= International Swaminarayan Satsang Mandal =

Hindu organisation

The International Swaminarayan Satsang Mandal (ISSM) is a religious organisation of the Hindu faith based in USA. It comes under the Laxmi Narayan Dev Gadi of the Shree Swaminarayan Sampraday. The organisation has temples and centres in various parts of the country as well as a temple in Chicago, Illinois (America).
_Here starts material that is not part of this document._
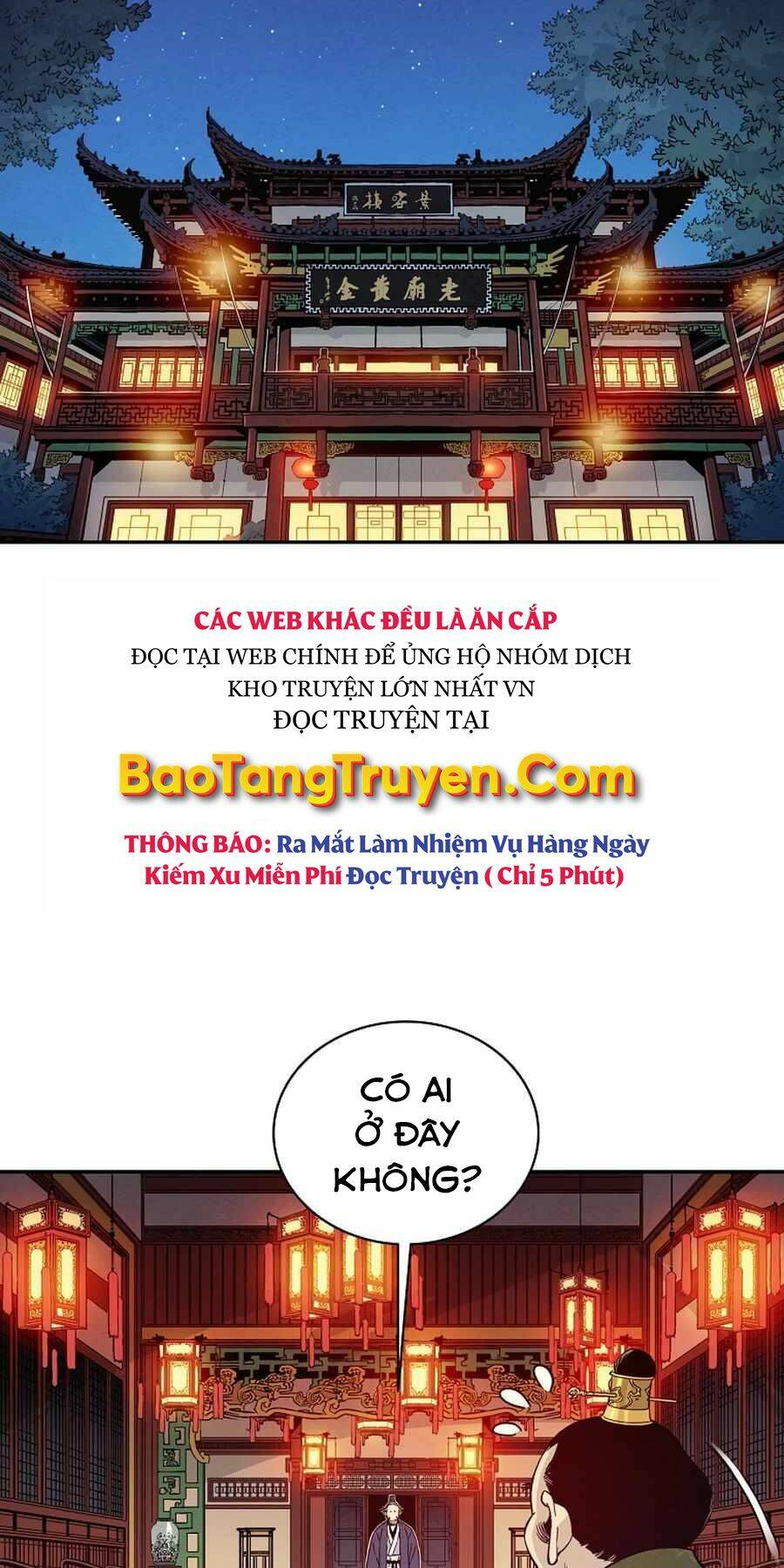 Trọng Sinh Thành Thần Y Thời Tam Quốc Chapter 27 - Trang 2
"International Swaminarayan Satsang Mandal" is a federally registered trade mark of ISSO of Chicago, Inc. in the USA. Currently, ISSM has been Associated with SS-AUSM, SS-AUSM still remains with Shri Swaminarayan Mandir, Chicago (Wheeling). LNDYM Youth wing has been established under SS-AUSM in order to spread the Swaminarayan Sampraday.

==Temples==

ISSM originally had six temples under it, all of them being named Vadtal Dham after Vadtal in India, where the headquarters of the parent organisation is located. The temple in Grand Prairie is an exception, being named Gadhpur Dham after the Swaminarayan temple in Gadhada.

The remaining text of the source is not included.